Believe, and be saved; Repent, and be pardoned; Wash, and be

clean. The believer applies for salvation, not neglecting,

altering, or adding to the Saviour's directions; he is thus made

clean from guilt, while others, who neglect them, live and die

in the leprosy of sin.
15-19 The mercy of the cure affected Naaman more than the

miracle. Those are best able to speak of the power of Divine

grace, who themselves experience it. He also shows himself

grateful to Elisha the prophet. Elijah refused any recompence,

not because he thought it unlawful, for he received presents

from others, but to show this new convert that the servants of

the God of Israel looked upon worldly wealth with a holy

contempt. The whole work was from God, in such a manner, that

the prophet would not give counsel when he had no directions

from the Lord. It is not well violently to oppose the lesser

mistakes which unite with men's first convictions; we cannot

bring men forward any faster than the Lord prepares them to

receive instruction. Yet as to us, if, in covenanting with God,

we desire to reserve any known sin, to continue to indulge

ourselves in it, that is a breach of his covenant.
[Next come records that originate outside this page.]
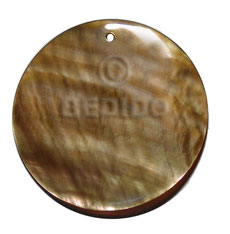 Brownlip shell round 40mm Shell Pendant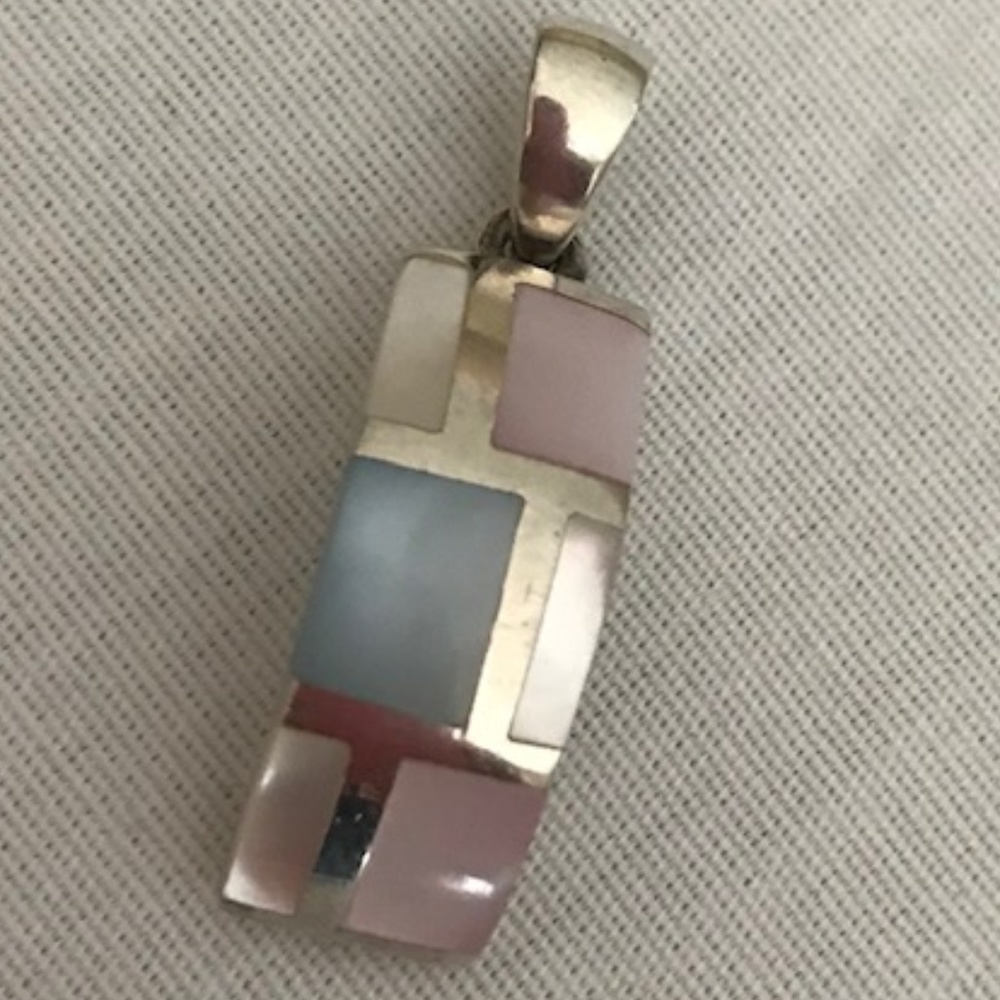 MOP 925 Pendant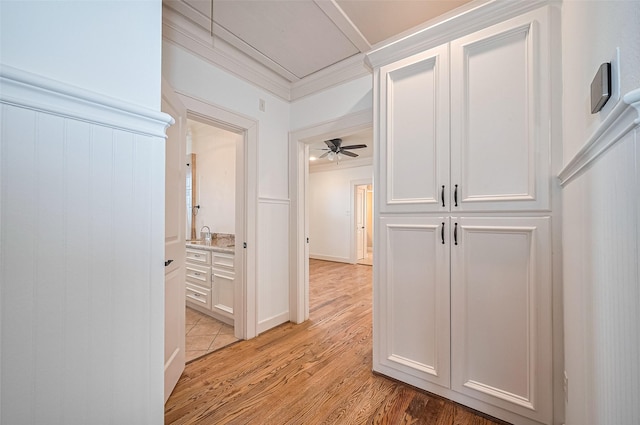 901 W 21st St, Houston, TX 77008 - hall featuring light wood-style floors and crown molding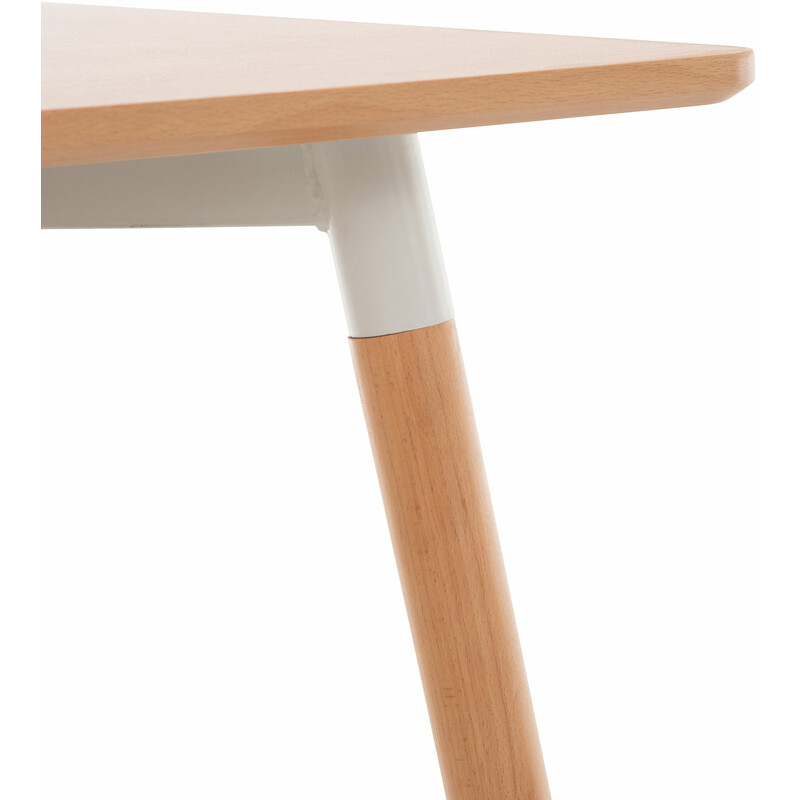 Funktionellt matbord i MDF med justerbara golvskydd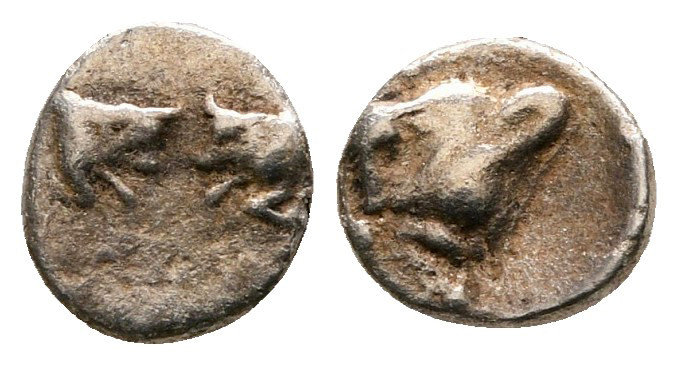 Caria. Uncertain mint circa 450-400 BC. 
Tetartemorion AR

7 mm, 0,26 g


...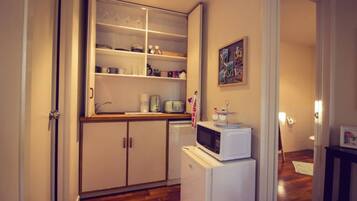 Fridge, microwave, dishwasher, coffee/tea maker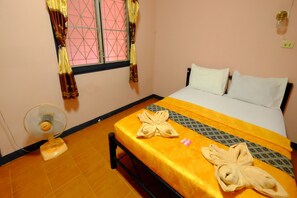 Double Room shared bathroom fan no balcony (302) | Rollaway beds, free WiFi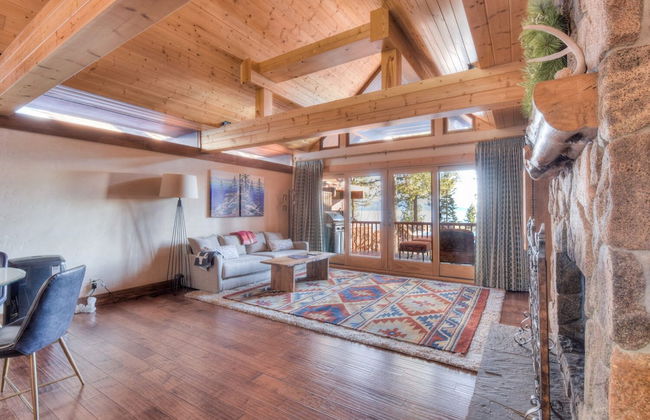 Crystal Shores Villa Lake Views & Hiking - Photo 1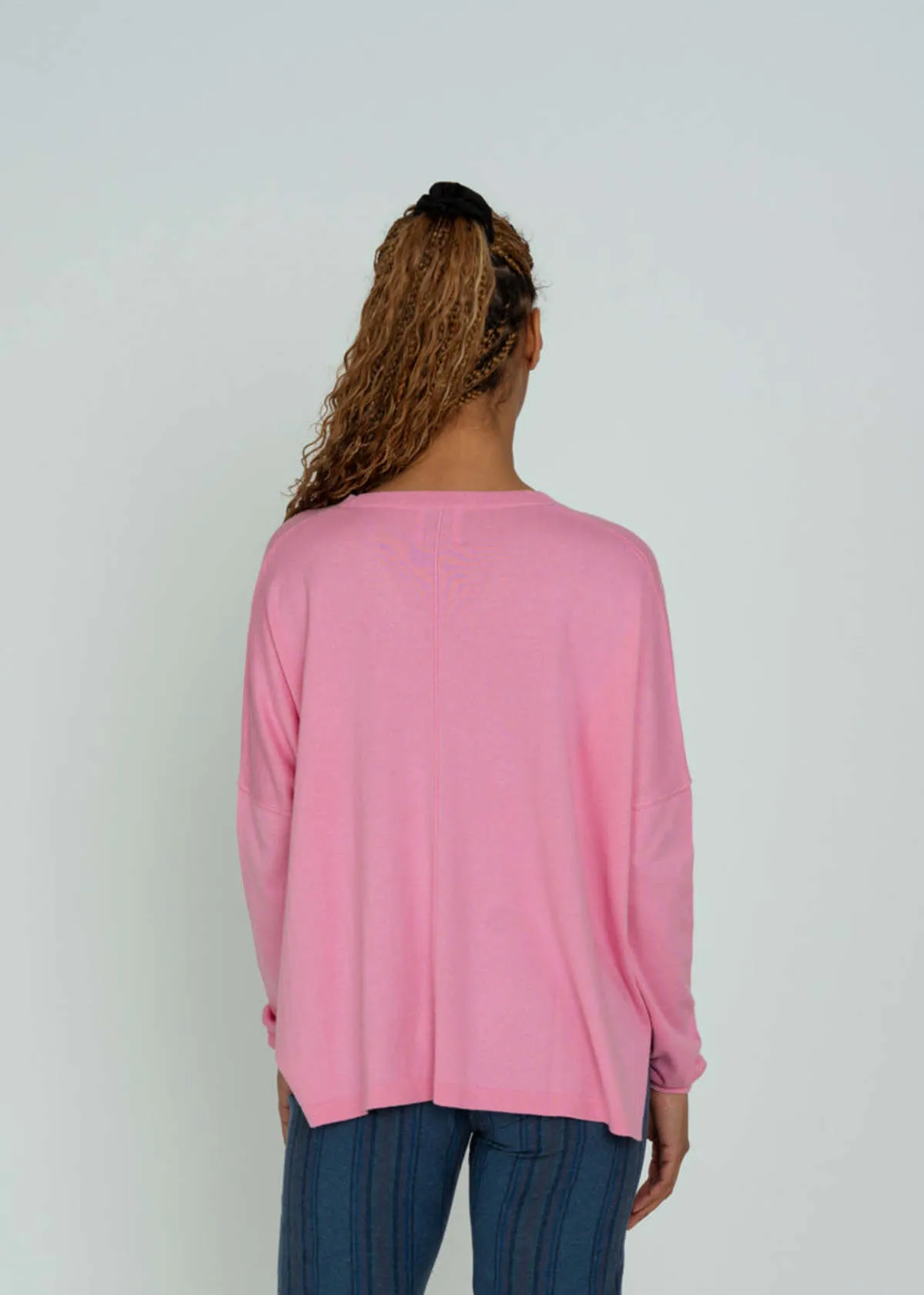 Relaxed V-Neck Sweater - Raspberry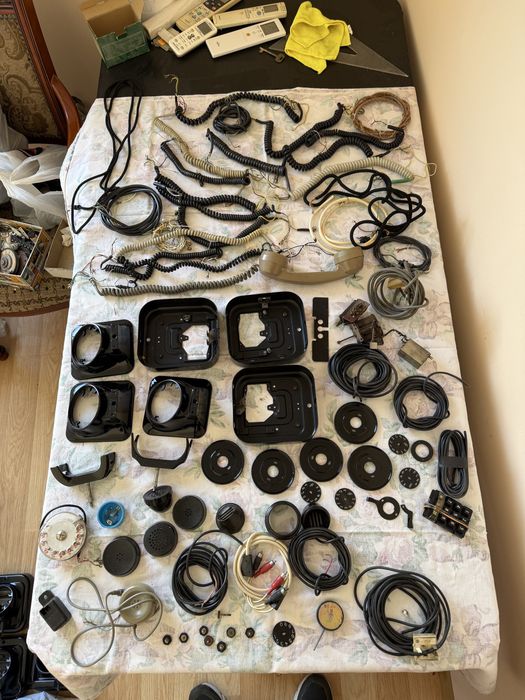 Ретро телефони за реставрация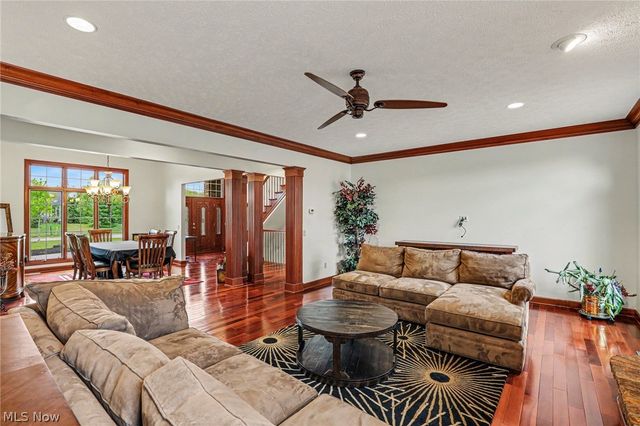 6291 Maypine Farm Boulevard, Highland Heights, OH 44143
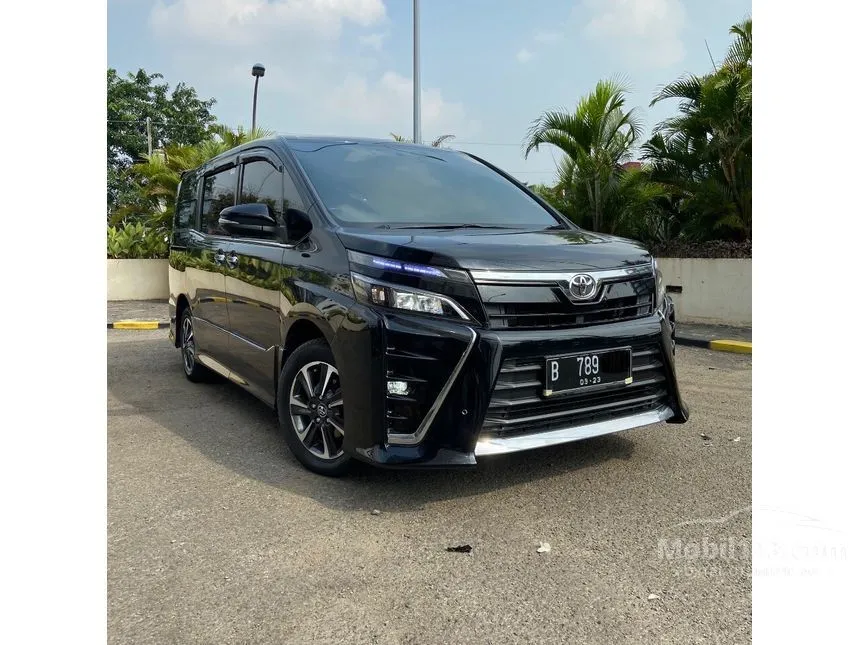 Jual Mobil Toyota Voxy 2018 2.0 di DKI Jakarta Automatic Wagon Hitam Rp 348.000.000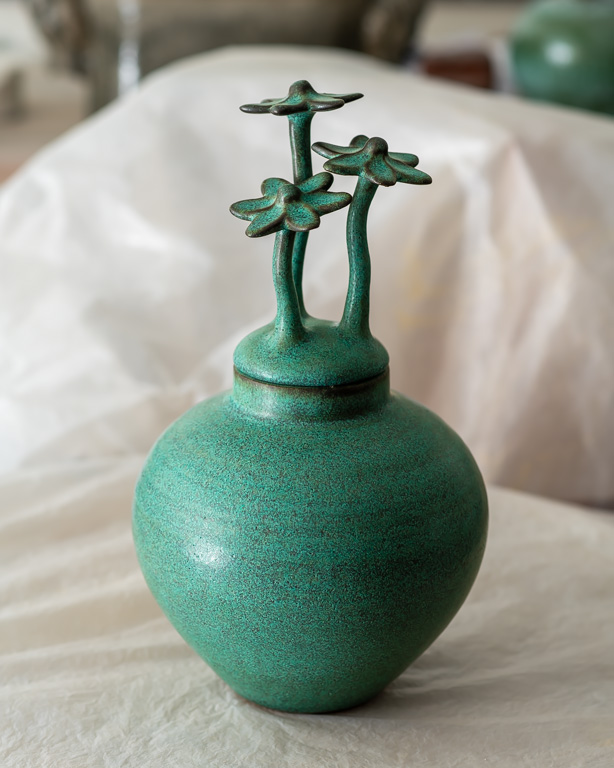 Vas Vårblommor, keramik av Elna-Karin Helgesson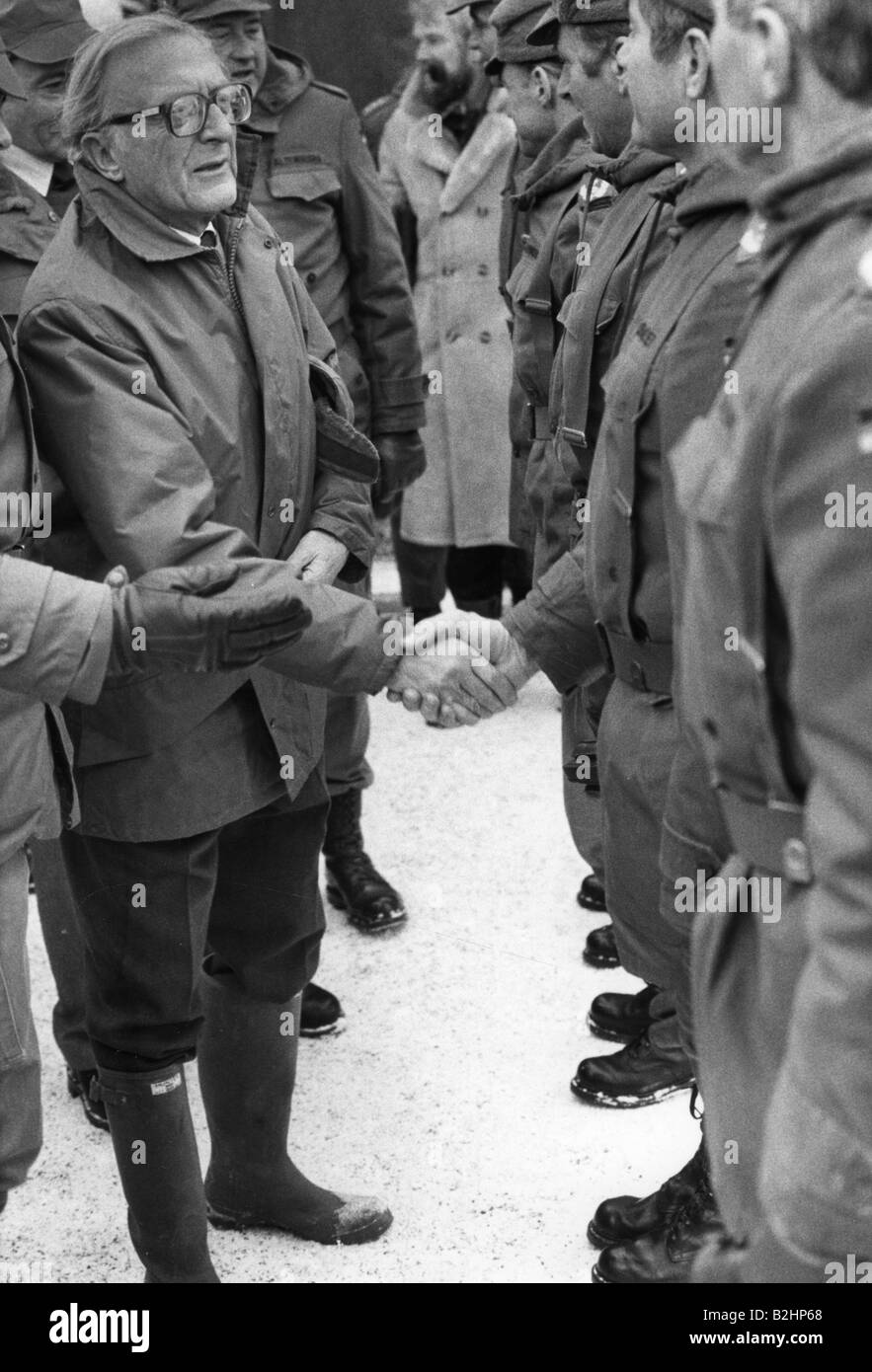 Peter carington 6th baron carrington -Fotos und -Bildmaterial in hoher ...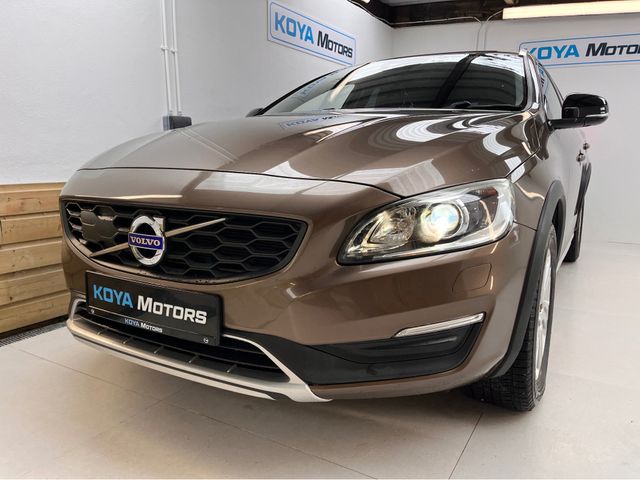 Image for 2016 Volvo V60 Cross Country 2.0 D4 CROSS COUNTRY SE LUXURY DIESEL 190 BHP AUTOMATIC // FULL LEATHER ELECTRIC SEATS // REVERSING CAMERA // CRUISE CONTROL // LANE ASSIST // COLLISION WARNING SYSTEM // TOP SPEC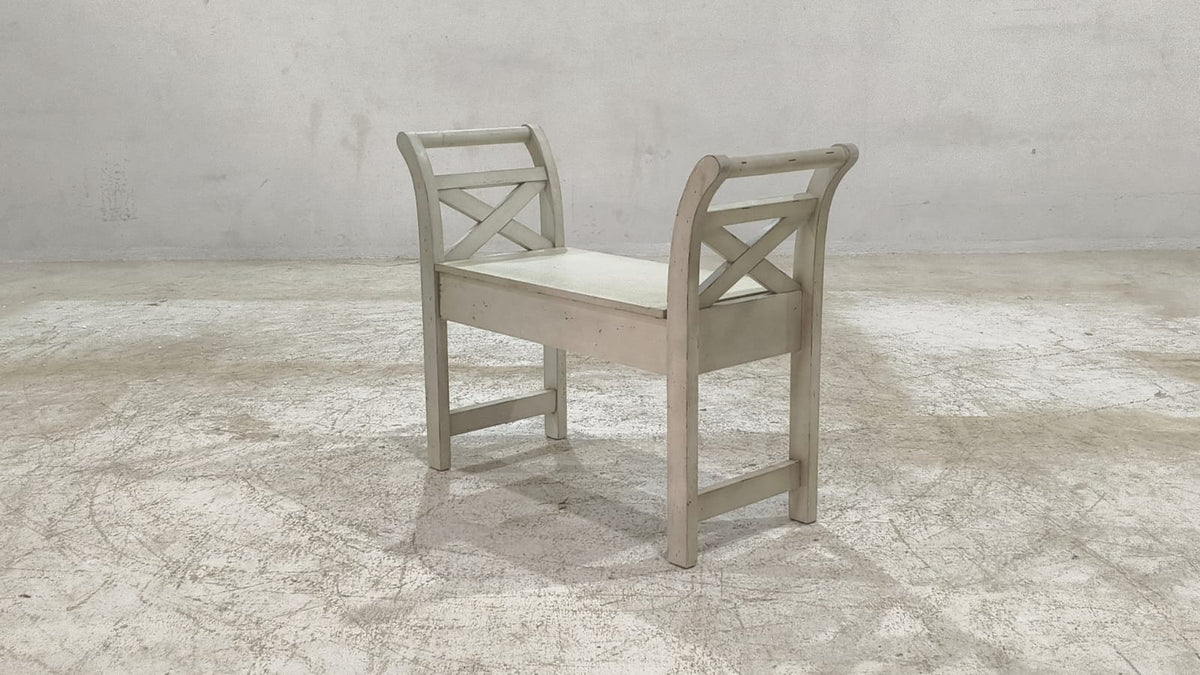 A4000036 - ACCENT CHAIR - BLR WH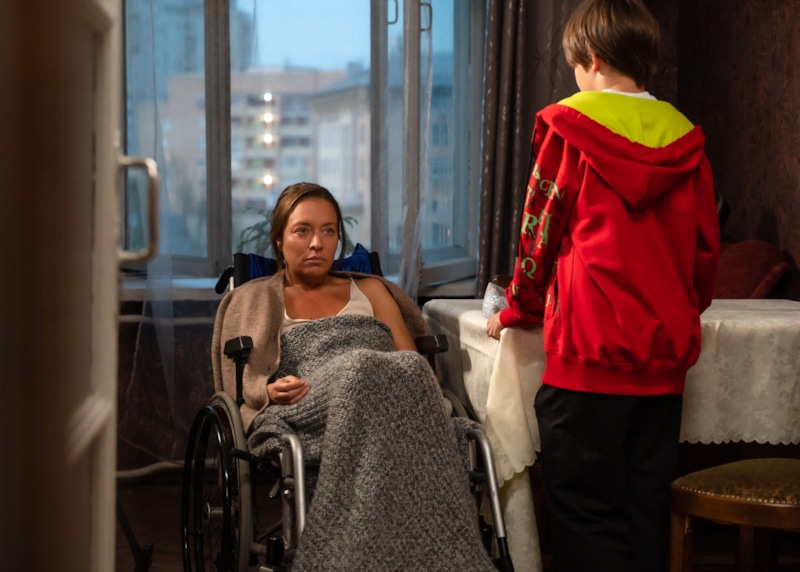 Кадр из сериала «Моя чужая семья» Кадр из сериала «Моя чужая семья»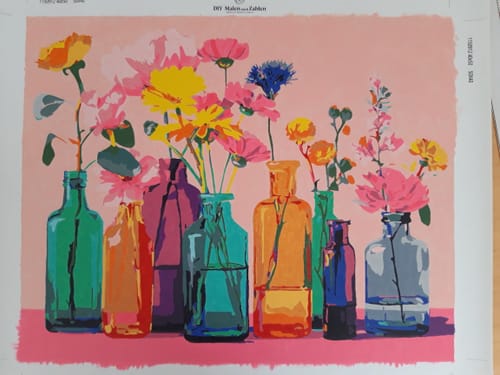 Kunden-Malen nach Zahlen Farbtherapie Gemälde mit bunten Blumen in verschiedenen Glasflaschen vor einem rosafarbenen Hintergrund.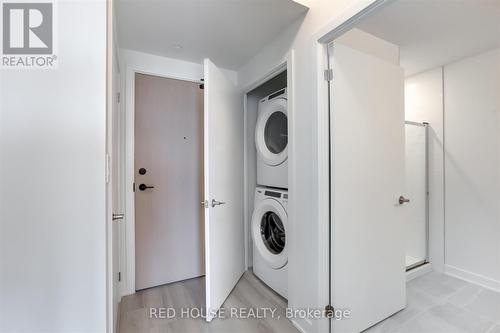 613 - 1440 Clarriage Court, Milton, ON - Indoor Photo Showing Laundry Room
Those who

truly hate evil, will make conscience of abstaining from all

appearances of evil.
20-27 Naaman, a Syrian, a courtier, a soldier, had many

servants, and we read how wise and good they were. Elisha, a

holy prophet, a man of God, has but one servant, and he proves a

base liar. The love of money, that root of all evil, was at the

bottom of Gehazi's sin. He thought to impose upon the prophet,

but soon found that the Spirit of prophecy could not be

deceived, and that it was in vain to lie to the Holy Ghost. It

is folly to presume upon sin, in hopes of secrecy. When thou

goest aside into any by-path, does not thy own conscience go

with thee? Does not the eye of God go with thee? He that covers

his sin, shall not prosper; particularly, a lying tongue is but

for a moment. All the foolish hopes and contrivances of carnal

worldlings are open before God. It is not a time to increase our

wealth, when we can only do it in such ways as are dishonourable

to God and religion, or injurious to others. Gehazi was

punished. If he will have Naaman's money, he shall have his

disease with it. What was Gehazi profited, though he gained two

talents, when thereby he lost his health, his honour, his peace,

his service, and, if repentance prevented not, his soul for

ever? Let us beware of hypocrisy and covetousness, and dread the

curse of spiritual leprosy remaining on our souls.